I dread the holiday gift-giving season. There are several reasons for this. First off, I don't enjoy shopping of any kind, unless it's for cooking ingredients. Not many people on my list enjoy getting cooking ingredients as gifts. Believe me, I've tried, and found those ingredients in their cupboards months or years later. Secondly, I don't enjoy getting gifts from other people unless it's something I really want or will find useful. I would always prefer to receive no gift at all, rather than get something I have no interest in. I feel badly that someone has spent money or even a little time on getting me something that I never wanted and for which I can only muster socially polite appreciation. And I absolutely hate the fact that the gift-giver felt so obligated to conform to the custom, even though they didn't know me well enough to pick something I'd appreciate (or know I'd be perfectly happy with no gift at all). I've tried communicating this to people as politely as possible. It seems though that the almighty holiday gift giving spirit is impervious to all logic or social pleas. Lastly, the indifference that results from too many gifts - those I give and those I receive - bothers me. I've stopped giving my nephew anything for his birthday or Christmas, because he gets far too much on those occasions. Instead, I give him stuff at random times during the year.
Still, as much as I resist and resent the holidays, I do find myself trying to come up with gift ideas throughout the year. This year I have a few ideas for do it yourself gifts. I like these ideas because they won't cost me much money, but they will show my affection because they involve my time and effort.
So here are a few ideas I've been keeping on the back burner for homemade gifts.
Homemade vanilla sugar and/or vanilla extract. I while ago, I purchased a quantity of vanilla beans to make my own vanilla extract, after noting how terribly high its unit price was. While vanilla beans and vodka - the only ingredients in vanilla extract - are expensive, they're still a lot cheaper than the finished product. Following these instructions, I made a large batch for my own use and have enjoyed baking with it. The rest of the beans from my order have been stored in cane sugar to preserve them. That sugar now packs an incredible wallop of vanilla flavor. While I might not have enough nice bottles to make a lot of vanilla extract, we have plenty of canning jars to hold vanilla sugar. Slap a nice ribbon on the lid, with a handwritten label, and there's a cheap but thoughtful homemade gift. Even people who don't cook much can usually find a use for vanilla sugar. This is the cheapest and easiest of my potential gift ideas.

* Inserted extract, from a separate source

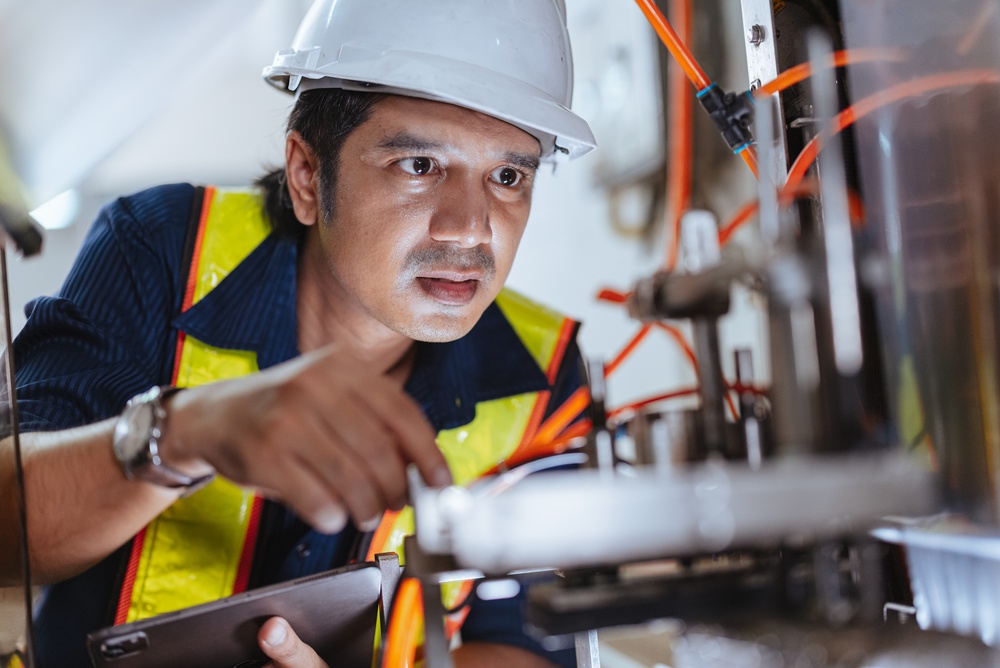 Factory technician working service machine. Asian Engineer male work inside high technology machine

I got into making solid perfume shortly before I kicked into frugal mode, and spent a small fortune on essential oils and botanical extracts. Making solid perfume is a pretty easy process, but people seem fascinated when I give them some and tell them I made it myself. And it's not just women either. My male cousin expressed interest and perhaps even a tinge of jealousy when I gave his wife a batch scented only with grapefruit essential oil. He said it smelled nice and he'd happily use something like that on his hands at night. The stuff can be called solid perfume, but, containing beeswax and jojoba oil, it's also a lot like a salve or a balm. I have enough materials to make gifts of this stuff for several people.
Garden stepping stones. I found an easy project for making stepping stones with botanical designs on them in a garden DIY book called Garden Patterns & Mosaics. I experimented by making a few of them last summer. All that's required are some simple wooden frames, mortar mix, and some pretty foliage to press into the surface to make the design. This wouldn't be everyone's cup of tea, but I know a few people who might like to have one or two of these for a pathway or their gardens. I'm going to make a few more of these this summer and see if I can turn out some nice enough to give away as gifts.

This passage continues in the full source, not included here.